The lives of people with physical and learning disabilities tend to be structured around the provision of support staff and transport, and are sometimes restricted by this provision. This lack of flexibility can often mean that they are unable to engage in the traditional band and gigging format. Usually, any change to their regular timetable of weekly activities needs to be agreed at least two months in advance if they are to be able to get the staffing support to make it happen. On this basis, the work of Ultimate Thunder does not get the audience that it easily could in Leeds – a city where there is still an appetite for the kind of experimental, DIY, noisy music that they make. Their performances are in fact just rehearsals, within the four walls of Pyramid’s base, on a light industrial estate in Holbeck.

Sites like Pyramid’s base have been historically created by the transformation of daycare provision in the city. As local authorities shut their many daycare centres, they used the money saved to fund organisations to provide substitute activities. While this change has allowed for a much wider range of activities to be offered, it also means that light industrial estates like the one where Pyramid are based have replaced the daycare centres of old, with the same issues of ghettoisation and relative invisibility for the artists who perform there.

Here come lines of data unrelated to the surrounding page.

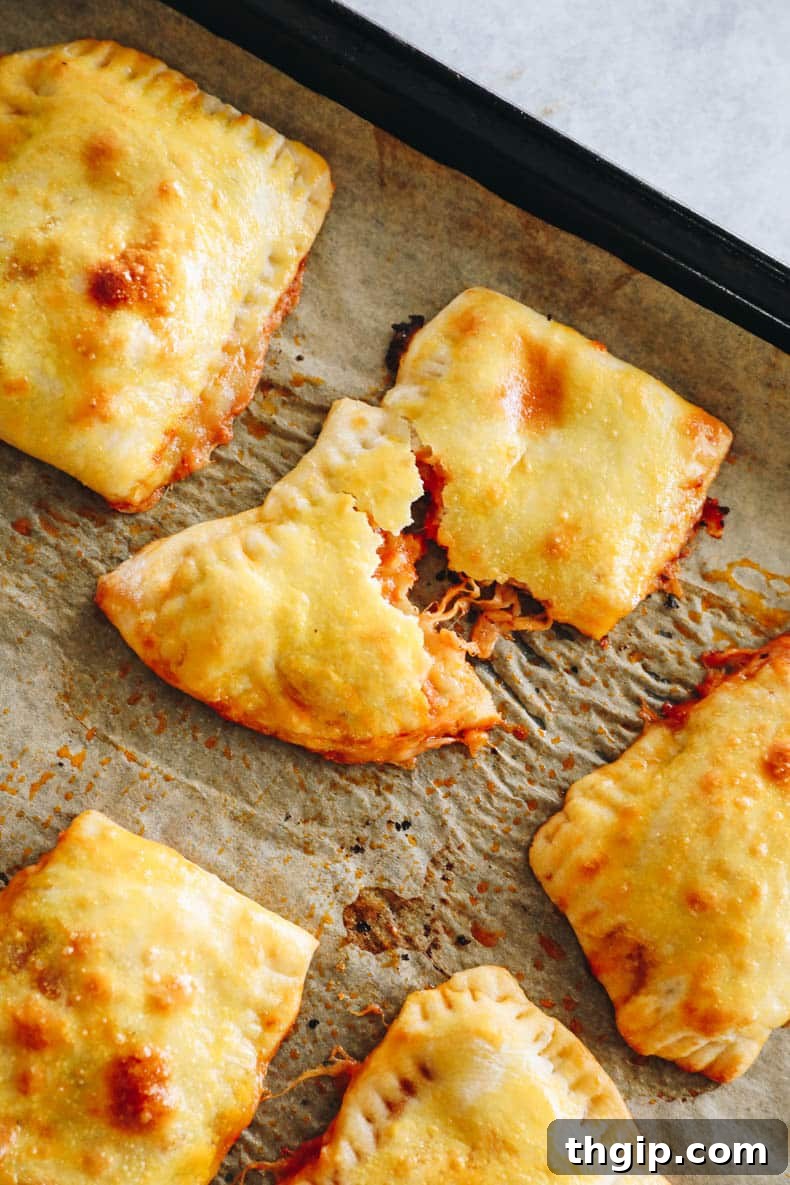 close-up of a homemade pizza pocket on a baking sheet with cheese oozing out, fresh out of the oven.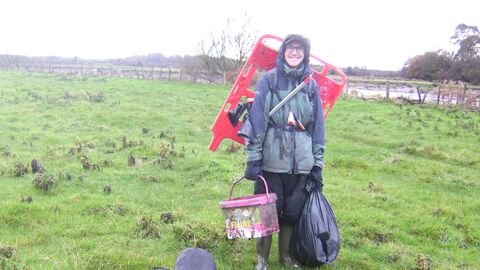 Volunteer transporting rubbish to the collection point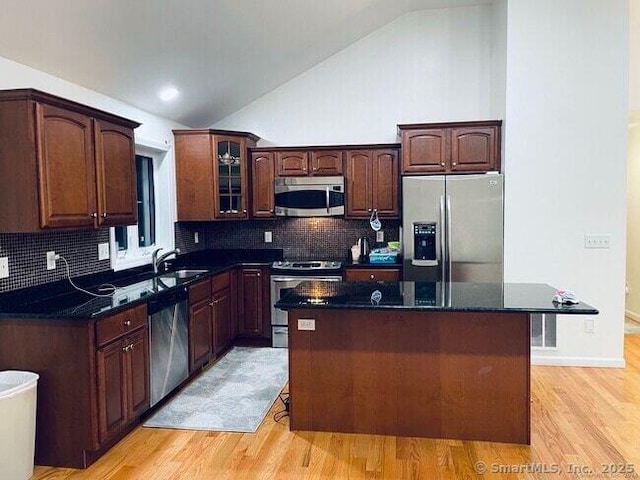 470 Nott St, Wethersfield, CT 06109 - kitchen with appliances with stainless steel finishes, vaulted ceiling, light wood finished floors, a kitchen island, and tasteful backsplash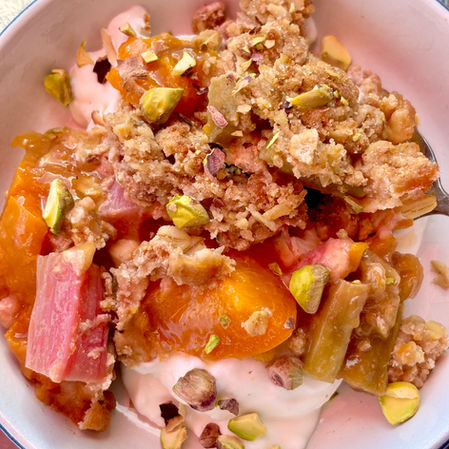 his Rhubarb Apricot Crisp truly highlights both fruits as the main attraction. The filling is delicate and subtly sweetened with coconut sugar and genuine maple syrup. Spelt flour is used instead of all-purpose flour to boost the crisp's nutritional benefits and nuts add a nutty crunch. It's incredibly easy to prepare and ideal for a summer gathering. Enjoy it with vanilla ice cream, whip cream or plain Greek yogurt! 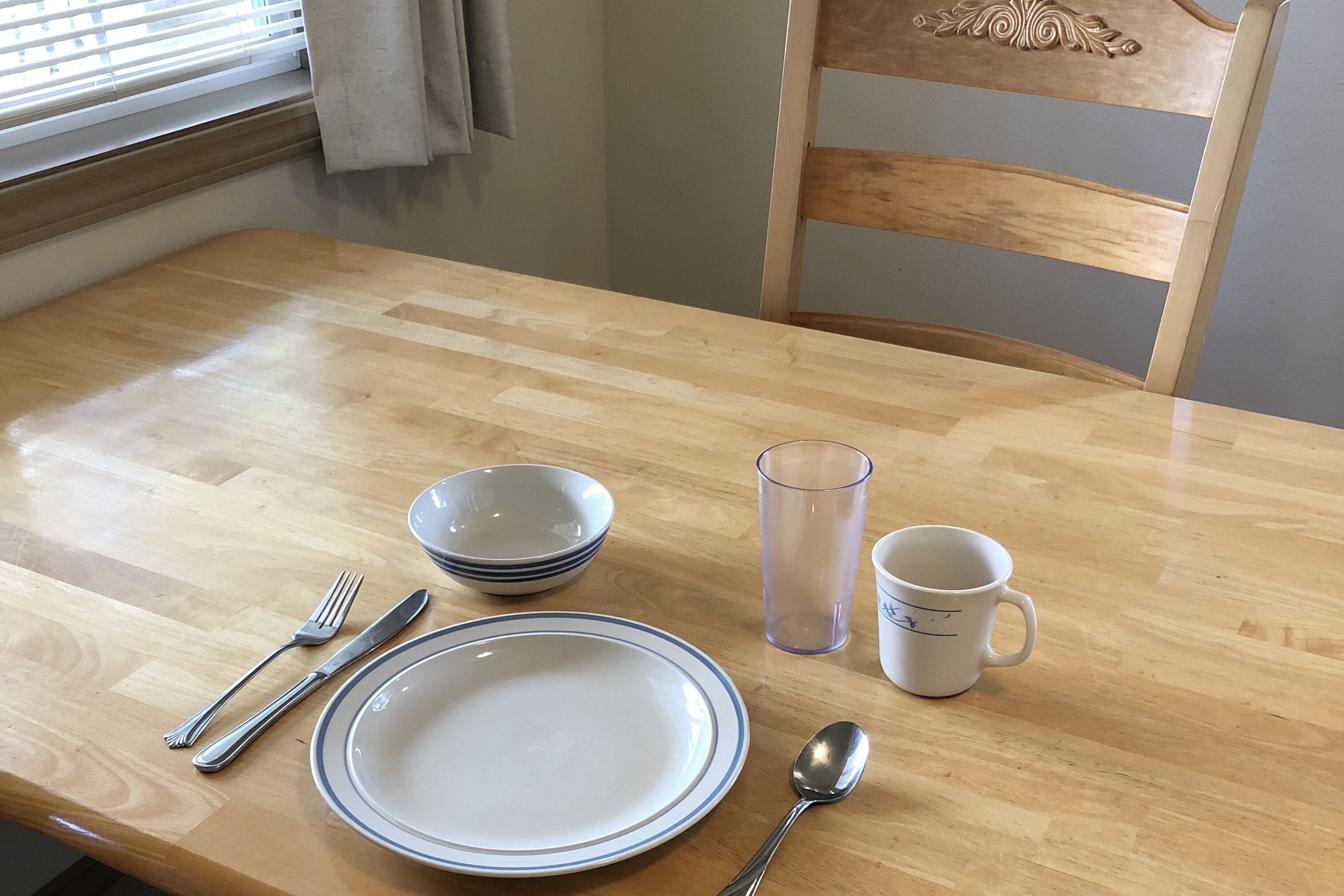 A wooden dining table with a plate, bowl, glass, mug, fork, knife, and spoon.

This installation, produced by Lumen Arts, allowed the music of Ultimate Thunder to reach a wider audience, and also invited that audience to experience the kind of spaces where that work is produced – loud, warm, exciting, welcoming, inclusive music being created behind the closed doors of cold, utilitarian, concrete, practical spaces.

The virtual reality experience was a 360 degree video documenting a workshop led by Alan Courtis – an Argentinian artist and musician working with arts and disability – held at Pyramid of Arts in April 2019.

The installation was part of Lumen’s ongoing research and development around creative application of digital technologies for immersive re-presentation of performance work, with funds from Arts Council England and Leeds Inspired.